Star Trek has never had the video game pedigree other Sci-Fi properties,
like Star Wars or Warhammer 40k, have enjoyed. For every well received Elite
Force
or Bridge
Commander
there are a dozen more Away Team and Borg waiting in the Briar
Patch. Sadly, Hidden Evil, a 1999
Presto Studios game, joins this unremarkable bunch. It is short, difficult to
control, and forgettable.

Story

You may be forgiven for forgetting the great contribution Insurrection made
to the Star Trek canon. A film in which the best scene involves Data acting like a life preserver. To
be fair there is probably a decent
episode’s worth
of material in the film, maybe a two-parter. Yet it loses
its way somewhere between Picard and crew becoming leather clad action heroes
and the enterprise being maneuvered by a joystick. Thus, it may surprise you to
realize this game is a sequel to that masterpiece. Our main character is Ensign
Sovok, a human raised by Vulcans. He joins Picard and Data on the planet of the
film to investigate a hitherto undiscovered alien artifact the Son’a and Ba’ku
found while constructing a colony. There is not much story to ruin as the game
is quite short, but suffice to say the Son’a still do not like the peace loving
Ba’ku, Romulans are evil, and the alien artifact is actually really dangerous.
It ends up being pretty well traveled territory, both by Star Trek’s and other
show’s standards. It is enough to move the plot along, but it will never
surprise you.

Gameplay

This is not an action game, despite what the publisher’s screenshots may
tell you. This is an adventure game in the same vein as Grim Fandango. Walk
around, collect items, solve some light puzzles, move the story forward, etc.
Fans of Fandango will find a similar awkward control scheme at work here. Sovok
controls much like that of a high schooler’s car: poor maneuverability, slow
acceleration, and no speed. This is a troubling foundation on which to base a
game that requires a fair amount of phaser shooting. There is some light
auto-aiming going on, but you still have to slowly rotate to face enemies. Your
best tactic is running in circles until they miss then trying to get a quick
shot off. This is if you can remember the key to select your phaser. All your
equipment (tricorder, communications badge, phaser, nerve pinch!) is accessed
via the number keys. This is functional, but every time I wanted to get at an
item I hit the wrong button. Most of these items end up being useless anyways,
occasionally you have to scan the environment, but it rarely tells you anything
interesting. Nerve pinch sounds cool, but it is ridiculously hard to get in the
right position to use it, and the enemy has to be unaware for it to work. Most
of the time you will be blasting away with your phaser. Occasionally you can
pick up a hypospray for healing or another equally powerful weapon, but for
most of the game what you start with is what you got.

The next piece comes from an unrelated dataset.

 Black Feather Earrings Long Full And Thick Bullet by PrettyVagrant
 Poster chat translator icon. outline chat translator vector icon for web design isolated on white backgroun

Lengthwise You are looking at 9 missions, for about 5 hours of ok to
frustrating gameplay. Everything is pretty easy, except for the last two
missions which have you navigating corridors that look very similar. With no
minimap except for the weak imposter they use with the tricorder in the last
mission. Most of your time in these last two missions will be spent trying to
remember what is where.

Graphics

An unexpected high point. Despite being released in 1999, the game looks
pretty decent. Backgrounds are static in the style of Myst and are suitably
detailed. Actual characters and objects are 3d models which, though rough, are
pretty good for the time in terms of detail and animation. It is a bit of
mishmash putting 3d characters in 2d paintings, but it works.

Music, Sound Effects, and Voice Work

Nothing egregious here, Christopher Gorham, voice actor for Sovok gives an
unremarkable performance, backed up Patrick Stewart (Picard) and Brent Spiner
(Data). The actual plot does not give them much to work with, but you will not
be clawing your ears out either. The music is forgettable, but all the sound
effects from TNG are faithfully replicated. Phasers and transporters sound like
you would expect.

Summary

Overall, its a short game that is occasionally frustrating, but has a
decently moving story and some of your favorite TNG characters. I give it 5 Lt.
Cmdr. Datas out of 3 Stargazers.

Notes

1. If you are going to play this, I recommend this walkthrough. 2. This game
does run on Windows 7, but you must install the packaged version of Quicktime
player and install a NoCd crack. It also helps to run it in Windows 95
compatibility mode. 3. There is no quicksave, it was a 90s thing.